Strong Feature Decomposition Assumptions: Assumptions such as \(z \perp \xi\), group features being low-dimensional Gaussian, etc., may not strictly hold in real data.
Unlabeled Minority Proportion \(\eta\) Control: The theory assumes \(\eta_u\) is controllable; in practice, the minority proportion of unlabeled data is often unknown.
Visual Benchmarks Only: Despite the motivation being LLM superalignment, experiments are limited to vision models.

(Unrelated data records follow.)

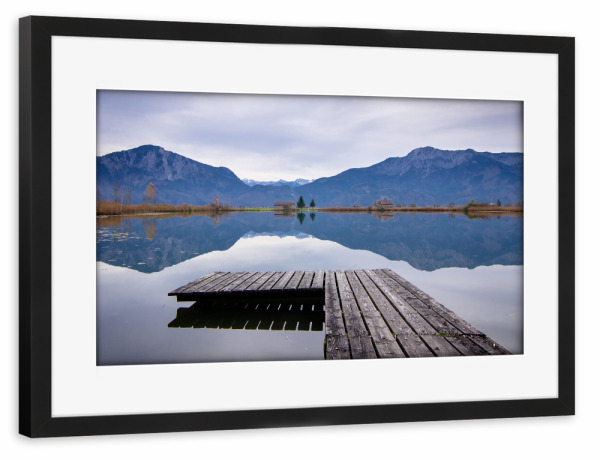 Poster mit Rahmen schwarz "Spiegelung" artboxONE - Natur - See,Bergsee,Berge,Natur,Entspannung,Ruhe,Unbefleckt,Spiegelung,Wasser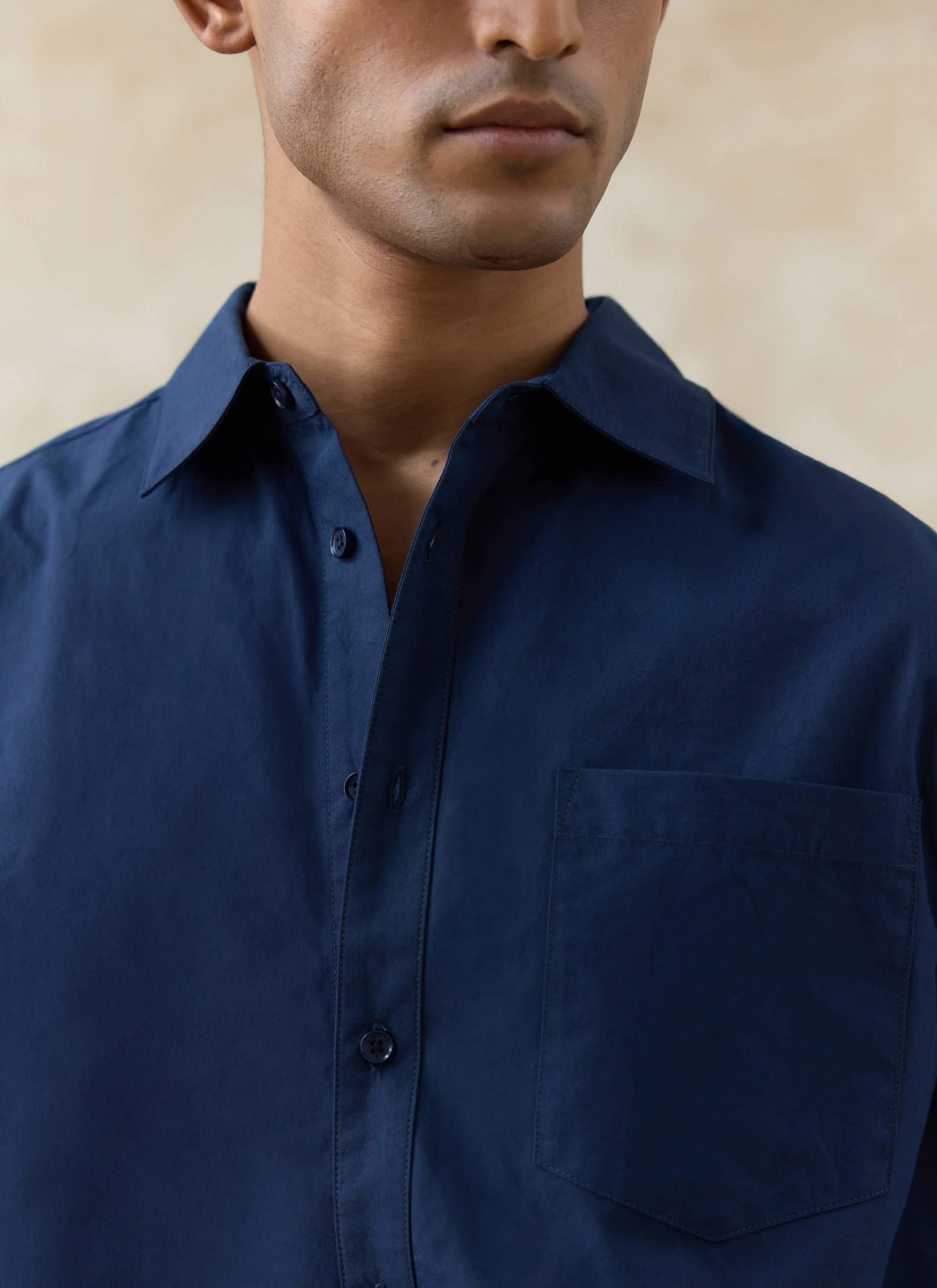 81-dali-relaxed-poplin-shirt-cotton-navy-3.webp Dali Relaxed Poplin Shirt | Cotton | Navy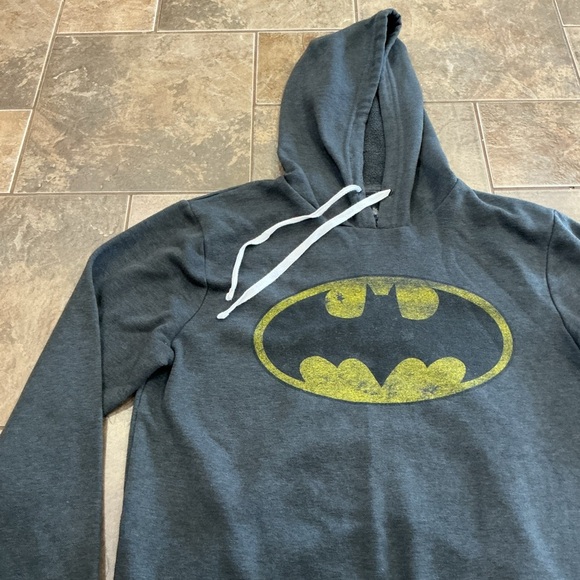 🔥3/$42 w FREE SHIPPING🔥 Gray Batman Hoodie - Picture 2 of 3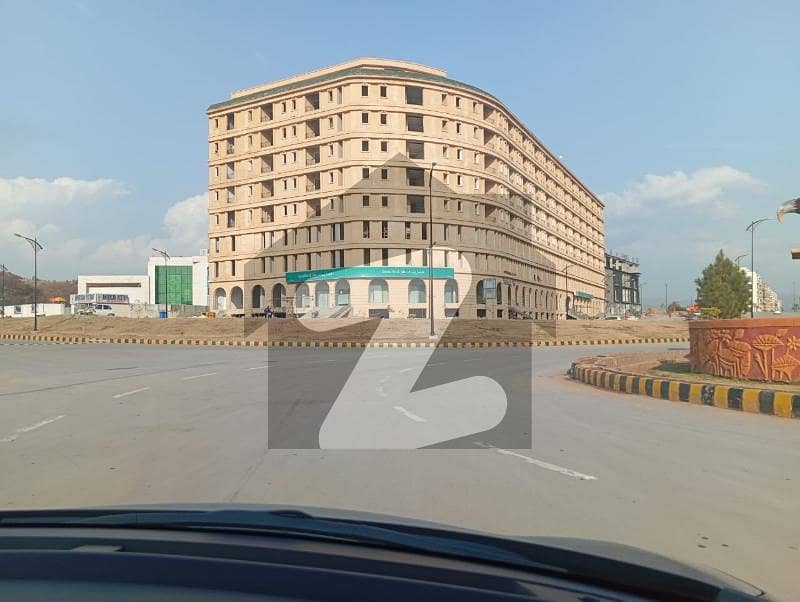 Capital Mall 3 Bed Apartment For Sale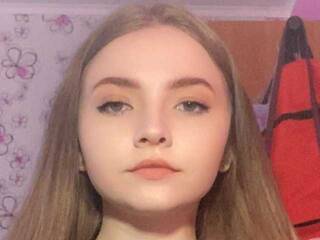 Chat vidéo érotique KatarinaLITTLE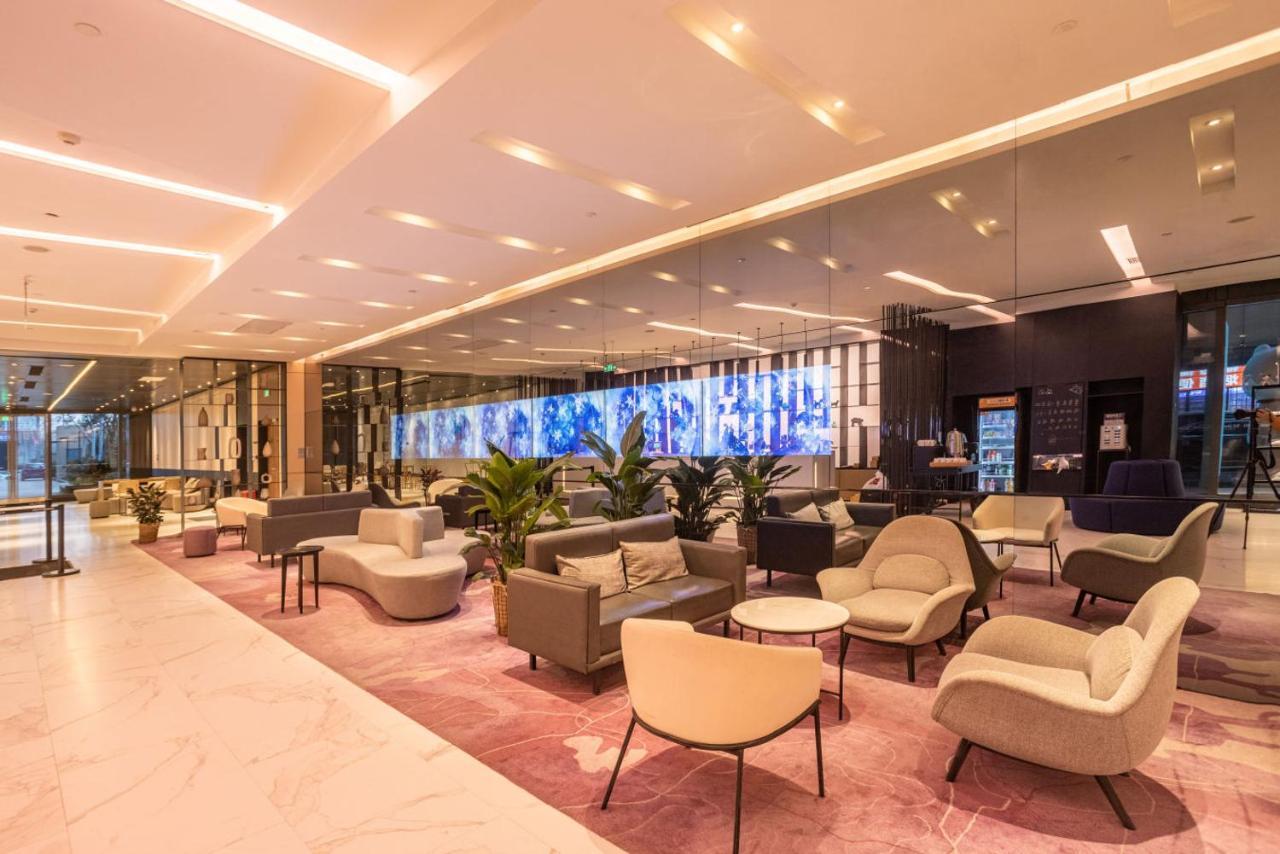 Innside By Melia Zhengzhou Exteriör bild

W2S Origins: Burns et al. (2024) first proposed W2S in the context of superalignment; this work extends the low intrinsic dimension + similarity framework of Dong et al. (2025).
W2S Theoretical Lineage: Complements existing work on neighborhood expansion, density, and benign overfitting by filling the gap for distribution shifts and spurious correlations.
Group Robustness in Distillation: Unlike classic distillation where a strong teacher supervises a weak student, W2S is weak supervising strong. This paper explicitly considers proportion mismatch as a failure mode and provides a remedy without group labels.
Insights: The \((\eta_u-\eta_\ell)^2\) decay law provides clear guidance for data collection—when gathering unlabeled data for W2S, one should aim to match the group proportions of the weak teacher's training set. If matching is impossible, high-confidence + GCE retraining serves as a low-cost backup.

Rating¶

Novelty: ⭐⭐⭐⭐⭐ First unified theoretical characterization of W2S under spurious correlations; the \((\eta_u-\eta_\ell)^2\) decay law is a clean and profound conclusion.
Experimental Thoroughness: ⭐⭐⭐⭐ Combines precise synthetic verification with real experiments across 4 benchmarks and 10 teacher-student pairs.
Writing Quality: ⭐⭐⭐⭐ Rigorous theoretical narrative and clear motivation; high symbol density may be a barrier for purely practical readers.
Value: ⭐⭐⭐⭐ Defines the theoretical boundaries and practical remedies for superalignment/W2S under biased data, offering direct guidance for data collection and weak supervision pipelines.